Problem statement :: Could you transcribe exactly the lines below, from the line with "โปรโมชั่นพิเศษ! ติดเหล็กจัดฟัน จากคลินิก" through the line with "Hào Anh,Vụ tra", and nothing else, leaving out the pictures?

Source records ::

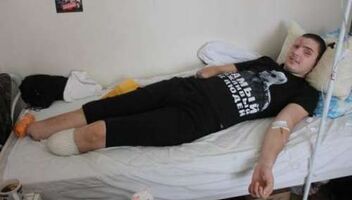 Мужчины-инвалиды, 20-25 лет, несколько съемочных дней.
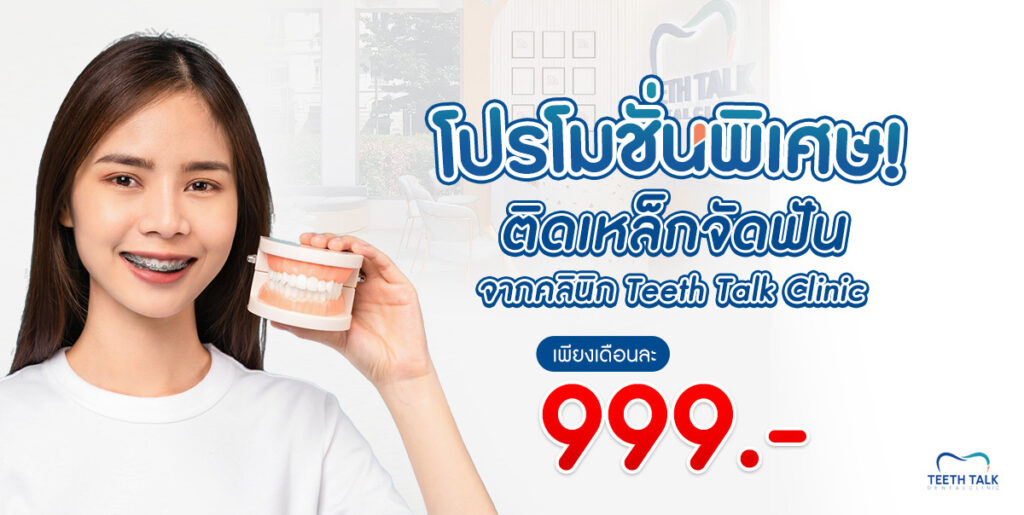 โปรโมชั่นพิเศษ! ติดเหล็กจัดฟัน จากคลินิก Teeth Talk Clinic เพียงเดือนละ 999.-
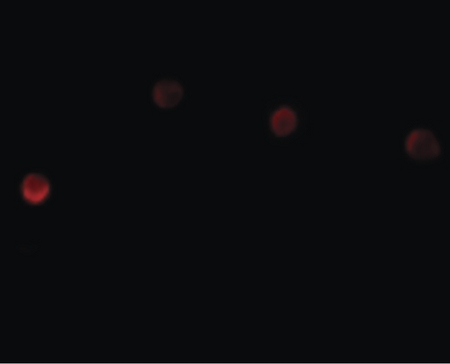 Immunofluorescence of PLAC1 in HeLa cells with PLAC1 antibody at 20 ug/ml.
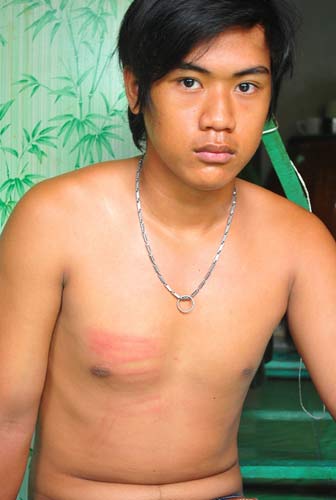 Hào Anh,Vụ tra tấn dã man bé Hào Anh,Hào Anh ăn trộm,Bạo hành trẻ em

---

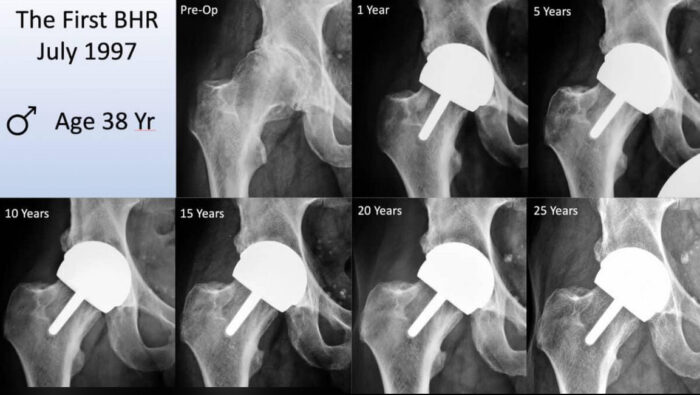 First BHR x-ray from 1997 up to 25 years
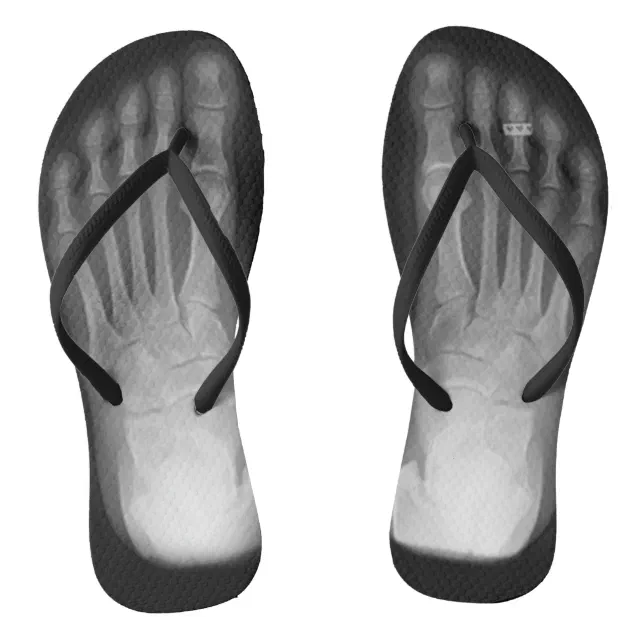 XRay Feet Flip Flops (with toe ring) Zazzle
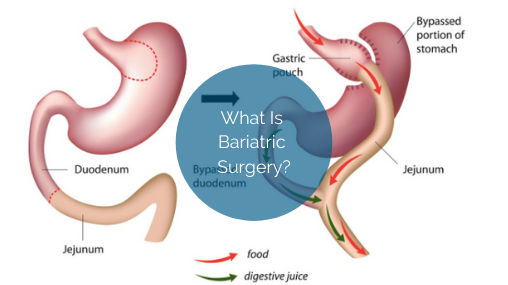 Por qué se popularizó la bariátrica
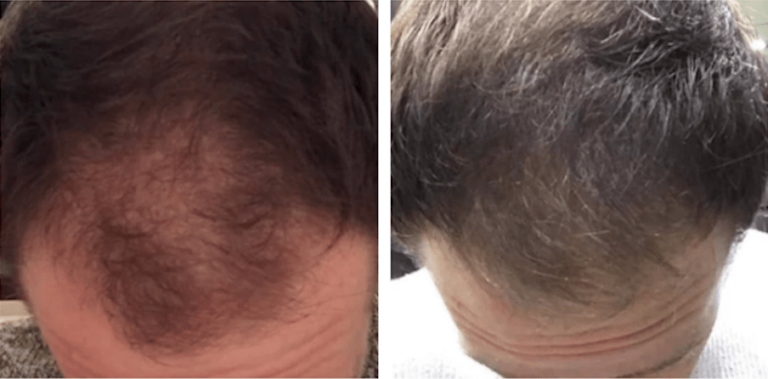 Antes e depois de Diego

Answer section ::
 โปรโมชั่นพิเศษ! ติดเหล็กจัดฟัน จากคลินิก Teeth Talk Clinic เพียงเดือนละ 999.-
 Immunofluorescence of PLAC1 in HeLa cells with PLAC1 antibody at 20 ug/ml.
 Hào Anh,Vụ tra tấn dã man bé Hào Anh,Hào Anh ăn trộm,Bạo hành trẻ em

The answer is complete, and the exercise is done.